Opie’s first short animation grew out of his interest in life drawing. He made it at Goldsmiths’, after he noticed that successive drawings of a model suggested movement as the poses changed. “I’d been making drawings of people’s faces, and creating various simple movements by layering the drawings, making them blink and nod their heads. I’d also been drawing people in full length, in different positions. Looking at many drawings together, there was movement: flicking across them you get this simple animation.”

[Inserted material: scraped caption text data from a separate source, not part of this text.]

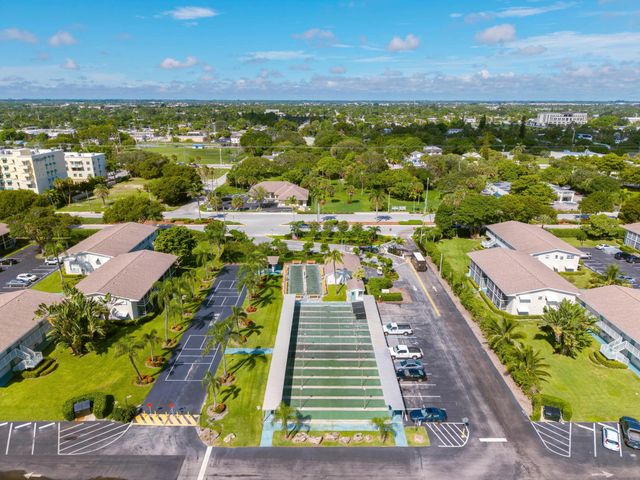 480 Horizons W 207, Boynton Beach, FL 33435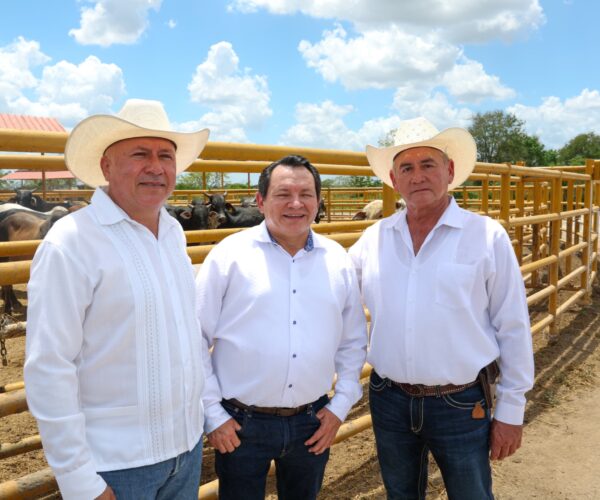 MECANIZACIÓN, RIEGO E INSEMINACIÓN PARA IMPULSAR EL CAMPO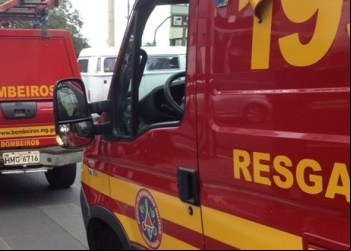 MOTOCICLISTA COLIDE EM MURETA NO DESVIO EM BOM JESUS DO AMPARO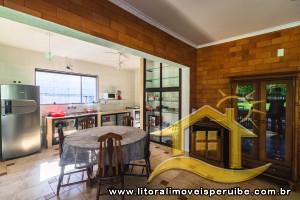 Casa para venda no bairro 40, em Peruíbe / SP.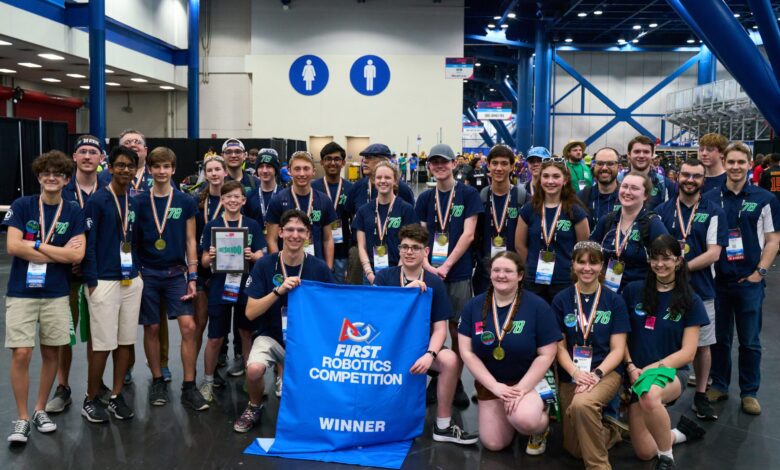 Newport Robotics Team finishes 5th at World Championship Newport Robotics Team finishes 5th at World Championship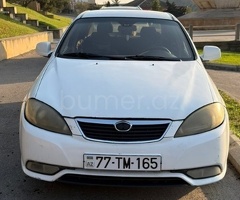Daewo Gentra 2014 Benzin 107 Sedan 258400 km Mexanika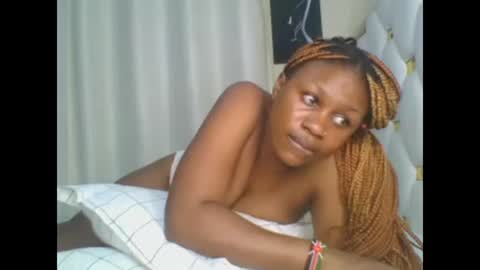 Snapshot of sweet_blackgal chatting on January 2025 02:33:01 AM Lavie online show from January 2025 02:33:01 AM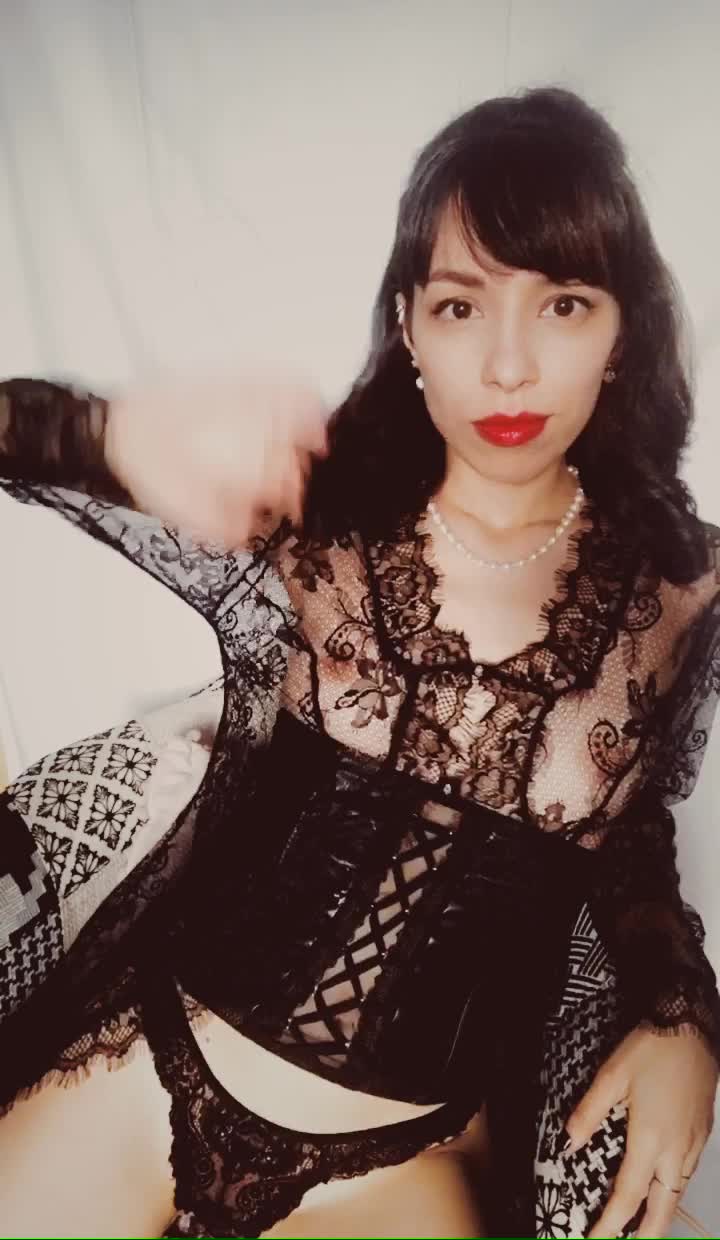 Lingeries sometimes look better on the floor...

The walking figures, whose movement is natural and familiar, appear in series in several media, as do most of his subjects. Full standing figures first appeared in his work in the mid 1990s. Since then, he has made LED sculptures of walking figures for several cities around the world, from Seoul to St. Louis to Toronto to London. As much as anything he has done, they seem to embody the underlying focus of his work, a feeling that arises out of “one’s relationship with the world.”
“To me it’s fascinating, but it’s quite intangible,” Opie says. “I think that trying to describe what it’s like to be alive or what it’s like to like something or be scared of something is actually very tricky. If you set about it too literally, yeah, you can get a hold of it, but it sort of dies and loses anything other than a distant description. To really get the feel of it, to transmit the feel of things—what it feels like to see something and be excited—you have almost to distance yourself a little bit.
“I do try to allow my instincts to play because I think humans are all about instincts. You’ve got to inform them and you’ve got to guide them, but you’ve got to also give them room to play. I came here with a computer full of alternatives.”
This article was updated for correctness on April 27, 2012. The original text stated that Sian was the name of one of the figures in Promenade. The correct name of that figure is Tina.